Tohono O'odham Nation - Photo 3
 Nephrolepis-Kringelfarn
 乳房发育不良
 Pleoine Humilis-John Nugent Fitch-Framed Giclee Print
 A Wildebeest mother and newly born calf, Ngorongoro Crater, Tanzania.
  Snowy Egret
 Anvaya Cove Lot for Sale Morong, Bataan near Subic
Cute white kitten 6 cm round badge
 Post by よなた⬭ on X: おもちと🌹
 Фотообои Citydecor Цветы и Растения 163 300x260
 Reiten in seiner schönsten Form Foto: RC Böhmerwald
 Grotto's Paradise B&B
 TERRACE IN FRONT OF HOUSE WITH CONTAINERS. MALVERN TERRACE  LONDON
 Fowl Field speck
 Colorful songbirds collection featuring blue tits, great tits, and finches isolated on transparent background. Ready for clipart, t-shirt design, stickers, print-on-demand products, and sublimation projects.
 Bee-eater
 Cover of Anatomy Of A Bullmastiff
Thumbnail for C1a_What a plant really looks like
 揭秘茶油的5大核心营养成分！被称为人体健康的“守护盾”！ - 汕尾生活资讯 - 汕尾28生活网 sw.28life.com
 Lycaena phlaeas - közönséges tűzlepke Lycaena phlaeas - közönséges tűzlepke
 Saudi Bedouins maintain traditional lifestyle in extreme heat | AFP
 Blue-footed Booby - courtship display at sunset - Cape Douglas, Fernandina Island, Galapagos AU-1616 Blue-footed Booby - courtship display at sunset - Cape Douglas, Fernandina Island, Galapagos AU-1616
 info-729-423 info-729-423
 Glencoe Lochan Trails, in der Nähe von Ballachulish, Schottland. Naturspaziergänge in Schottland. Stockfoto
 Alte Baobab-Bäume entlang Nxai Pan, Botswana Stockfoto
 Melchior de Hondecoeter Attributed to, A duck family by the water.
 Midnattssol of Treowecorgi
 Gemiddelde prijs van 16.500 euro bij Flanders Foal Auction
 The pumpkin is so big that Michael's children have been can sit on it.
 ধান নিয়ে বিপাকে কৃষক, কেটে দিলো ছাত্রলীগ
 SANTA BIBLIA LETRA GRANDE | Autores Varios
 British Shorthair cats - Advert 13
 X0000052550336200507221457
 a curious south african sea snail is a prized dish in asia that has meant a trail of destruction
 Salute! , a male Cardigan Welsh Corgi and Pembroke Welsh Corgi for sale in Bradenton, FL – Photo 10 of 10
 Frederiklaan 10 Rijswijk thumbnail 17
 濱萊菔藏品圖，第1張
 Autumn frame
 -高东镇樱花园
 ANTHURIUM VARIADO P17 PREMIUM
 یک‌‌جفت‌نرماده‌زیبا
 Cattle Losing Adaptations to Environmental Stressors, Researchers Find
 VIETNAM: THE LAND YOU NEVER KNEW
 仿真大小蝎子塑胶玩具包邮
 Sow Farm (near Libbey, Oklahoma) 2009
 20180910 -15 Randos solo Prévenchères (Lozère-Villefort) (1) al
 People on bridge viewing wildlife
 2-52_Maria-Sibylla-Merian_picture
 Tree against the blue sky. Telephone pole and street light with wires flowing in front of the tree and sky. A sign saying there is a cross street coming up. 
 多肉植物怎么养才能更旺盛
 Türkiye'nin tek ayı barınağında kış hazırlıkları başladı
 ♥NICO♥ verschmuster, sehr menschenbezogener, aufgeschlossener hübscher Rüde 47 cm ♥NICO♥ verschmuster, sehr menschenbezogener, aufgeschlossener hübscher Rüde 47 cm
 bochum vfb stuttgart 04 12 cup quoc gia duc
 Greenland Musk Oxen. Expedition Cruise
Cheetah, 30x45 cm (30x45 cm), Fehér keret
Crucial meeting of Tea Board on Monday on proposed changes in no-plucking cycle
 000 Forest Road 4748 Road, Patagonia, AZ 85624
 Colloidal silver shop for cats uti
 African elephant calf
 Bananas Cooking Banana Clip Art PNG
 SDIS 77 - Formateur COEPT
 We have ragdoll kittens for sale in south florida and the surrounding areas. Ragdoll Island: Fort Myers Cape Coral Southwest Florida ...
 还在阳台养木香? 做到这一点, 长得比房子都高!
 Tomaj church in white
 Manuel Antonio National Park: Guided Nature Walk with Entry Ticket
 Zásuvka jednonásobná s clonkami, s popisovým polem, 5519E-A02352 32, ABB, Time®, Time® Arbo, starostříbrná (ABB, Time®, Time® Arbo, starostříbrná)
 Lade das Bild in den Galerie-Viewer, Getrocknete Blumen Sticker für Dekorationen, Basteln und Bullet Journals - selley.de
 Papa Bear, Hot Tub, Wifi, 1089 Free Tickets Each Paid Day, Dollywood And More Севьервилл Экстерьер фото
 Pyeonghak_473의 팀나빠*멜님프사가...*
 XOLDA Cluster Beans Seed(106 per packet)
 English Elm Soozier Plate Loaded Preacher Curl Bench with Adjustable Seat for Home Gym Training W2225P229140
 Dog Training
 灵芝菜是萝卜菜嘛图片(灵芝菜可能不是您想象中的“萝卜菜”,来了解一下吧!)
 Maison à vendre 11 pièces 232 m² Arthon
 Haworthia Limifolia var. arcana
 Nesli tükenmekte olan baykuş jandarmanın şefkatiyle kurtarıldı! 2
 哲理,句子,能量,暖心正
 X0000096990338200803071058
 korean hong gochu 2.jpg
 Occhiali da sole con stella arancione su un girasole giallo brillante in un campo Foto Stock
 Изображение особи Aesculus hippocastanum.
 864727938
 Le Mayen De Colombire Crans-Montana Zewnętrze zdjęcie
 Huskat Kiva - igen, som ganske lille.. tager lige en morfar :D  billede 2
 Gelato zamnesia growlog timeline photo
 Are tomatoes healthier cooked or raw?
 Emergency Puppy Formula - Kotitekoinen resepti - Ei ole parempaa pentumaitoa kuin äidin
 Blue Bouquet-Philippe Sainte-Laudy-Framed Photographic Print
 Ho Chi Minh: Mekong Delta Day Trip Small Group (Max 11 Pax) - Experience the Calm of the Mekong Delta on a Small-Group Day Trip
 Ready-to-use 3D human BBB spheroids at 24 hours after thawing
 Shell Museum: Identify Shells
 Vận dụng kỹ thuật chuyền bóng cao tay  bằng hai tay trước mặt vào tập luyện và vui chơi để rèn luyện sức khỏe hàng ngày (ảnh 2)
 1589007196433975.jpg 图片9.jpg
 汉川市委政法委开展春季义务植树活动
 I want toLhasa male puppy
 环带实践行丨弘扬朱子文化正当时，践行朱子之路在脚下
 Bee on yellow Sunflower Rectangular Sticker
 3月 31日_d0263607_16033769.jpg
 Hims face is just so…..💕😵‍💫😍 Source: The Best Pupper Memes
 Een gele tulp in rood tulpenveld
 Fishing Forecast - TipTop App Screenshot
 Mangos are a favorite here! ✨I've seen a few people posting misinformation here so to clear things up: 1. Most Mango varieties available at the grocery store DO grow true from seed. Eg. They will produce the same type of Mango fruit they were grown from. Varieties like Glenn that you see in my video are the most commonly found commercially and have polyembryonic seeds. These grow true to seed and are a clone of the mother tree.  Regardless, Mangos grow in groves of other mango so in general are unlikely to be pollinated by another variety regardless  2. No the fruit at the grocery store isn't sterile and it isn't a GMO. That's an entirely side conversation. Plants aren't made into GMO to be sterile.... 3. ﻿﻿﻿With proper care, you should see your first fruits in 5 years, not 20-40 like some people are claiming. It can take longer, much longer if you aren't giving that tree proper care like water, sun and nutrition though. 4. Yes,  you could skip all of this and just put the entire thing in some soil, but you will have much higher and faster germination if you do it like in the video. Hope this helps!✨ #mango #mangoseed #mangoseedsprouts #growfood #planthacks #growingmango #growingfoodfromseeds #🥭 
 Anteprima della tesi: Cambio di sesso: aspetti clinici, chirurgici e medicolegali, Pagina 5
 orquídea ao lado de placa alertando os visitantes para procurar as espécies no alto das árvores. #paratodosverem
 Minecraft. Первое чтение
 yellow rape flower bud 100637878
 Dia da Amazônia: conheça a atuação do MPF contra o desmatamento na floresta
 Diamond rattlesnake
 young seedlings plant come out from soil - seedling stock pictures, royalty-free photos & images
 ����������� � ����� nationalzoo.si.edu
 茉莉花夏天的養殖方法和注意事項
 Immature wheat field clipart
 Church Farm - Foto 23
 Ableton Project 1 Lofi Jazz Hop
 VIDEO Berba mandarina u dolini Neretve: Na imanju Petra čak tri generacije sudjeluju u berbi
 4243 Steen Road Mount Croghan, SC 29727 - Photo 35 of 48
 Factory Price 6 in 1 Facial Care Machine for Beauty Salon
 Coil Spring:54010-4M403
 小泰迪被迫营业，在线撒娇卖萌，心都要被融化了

• **Your instructions**
Please show the lines in the entries above that hold the string "male".

• **Your response**
 Salute! , a male Cardigan Welsh Corgi and Pembroke Welsh Corgi for sale in Bradenton, FL – Photo 10 of 10
 I want toLhasa male puppy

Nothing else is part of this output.